The mention of the careless and hearty enjoyment of their Sunday’s pleasure by the rustic visitors of Knole Park reminds me that in London I came again and again upon little groups of children dancing in dingy courts upon the damp pavement. It might be drizzling rain, although not enough to wash their faces, and they were hatless and shoeless, — poor little things, almost breakfastless, not to say impransus, like Dr. Johnson (and yet that may have meant merely that he had not yet dined) but they danced, and danced merrily, without other music than that of their own little pipes, which they set up without rivaling Chaucer’s prioress by entuning in their nose full sweetly. Such a sight could not be seen among the free and enlightened inhabitants of this country, except indeed the children of German emigrants, whom I have seen tempted into street saltation by brass bands, and even by hand-organs. But where among the real Americans — the Yankees or the Virginians for example — would you find hatless and shoeless boys and girls dancing in the open air in mere childish gayety of heart? Let us not boast untruly; the hatlessness, the shoelessness, the rags, and the dirt, we might find; but where the capacity of happiness which can despise rags, rejoice in bare heads and feet, revel in dirt, and set at naught falling water?
And yet these people work much harder than we do, and for less wages. They do what I have never seen done in this country, —work in their gardens, if not in their fields, on Sunday.
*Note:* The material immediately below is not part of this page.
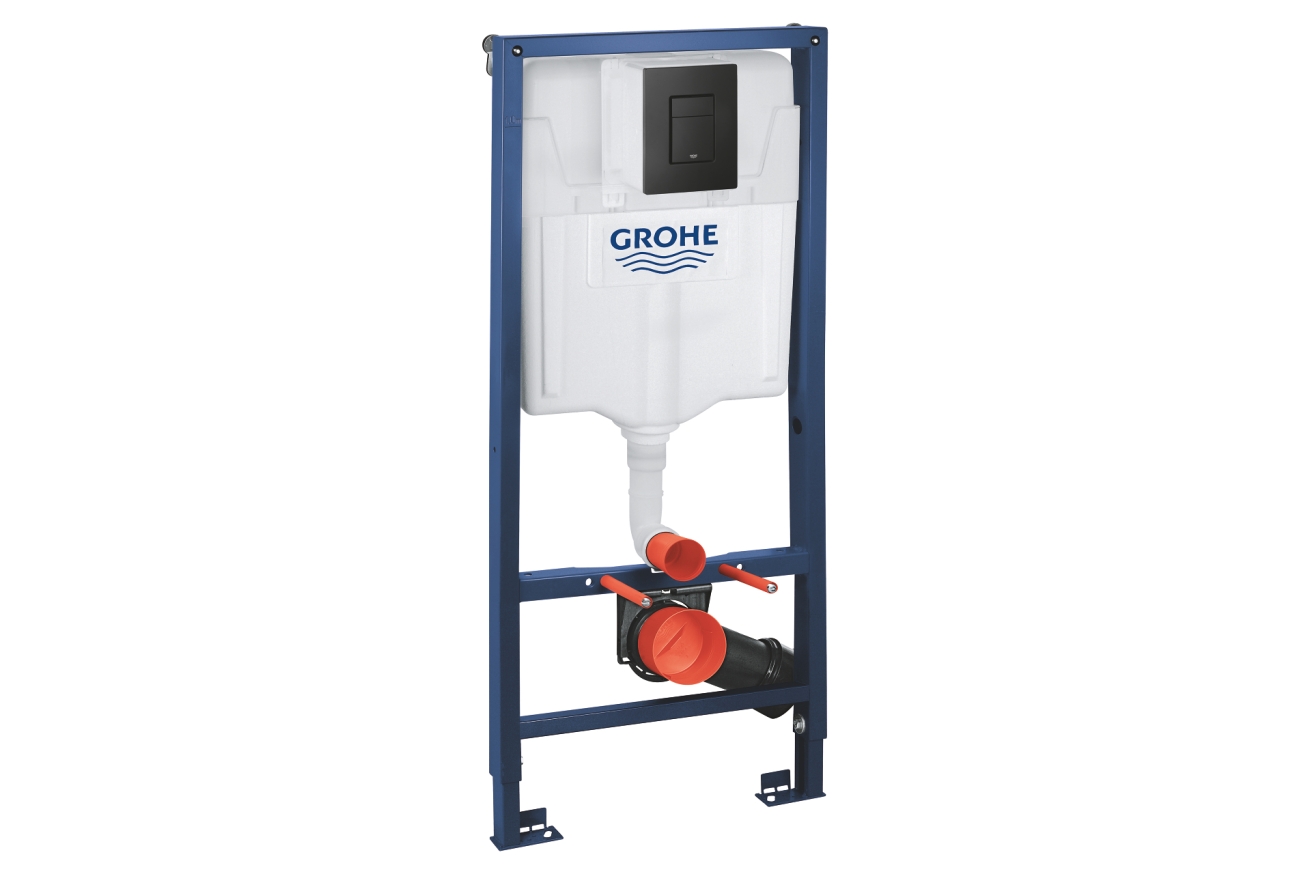 Система инсталляции для унитаза GROHE Solido 5 в 1 с панелью смыва Even, фантомный черный (1000046)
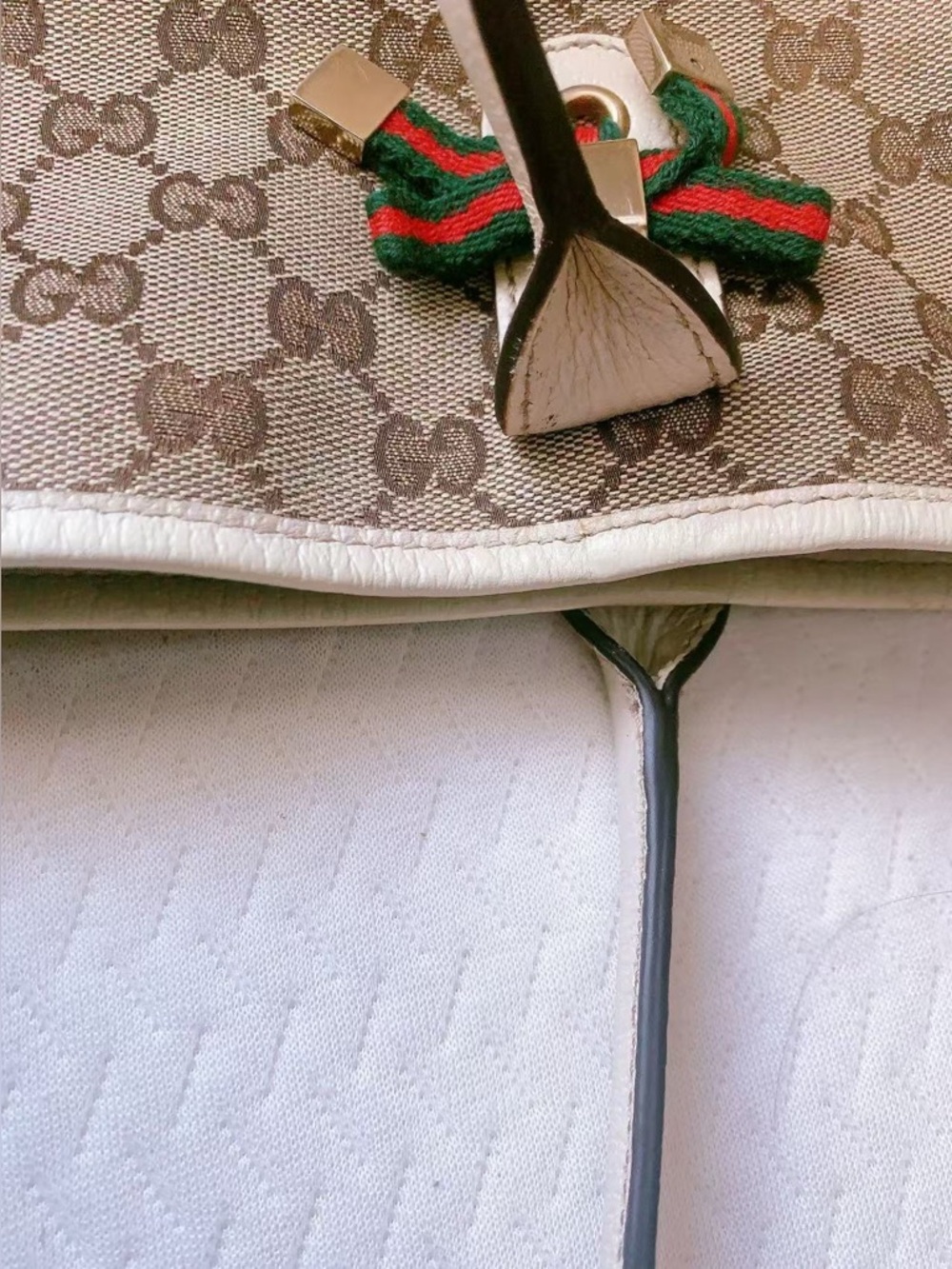 GUCCI GG Canvas Sherry Line Princy White Leather Tote Bag Shoulder Bag Authentic - Picture 10 of 14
I have mentioned my surprise at hearing the cries of street venders in London on Sunday ; it was even a greater novelty to me to see on my Sunday walks in the country, wherever I went, men, evidently respectable and comfortable persons, at work with spade and hoe and rake among their vegetables. If I stopped to speak to them, which I did if I were near enough, they did not seem at all as if they were surprised in doing anything of which they should be ashamed, or show the least shyness. Shyness, however, they would not be likely to show in any case, as I soon discovered. The existence of established ranks has the effect of causing a greater freedom of manner than is our habit of life among people of all conditions of life. They have fewer reserves: they have need of fewer.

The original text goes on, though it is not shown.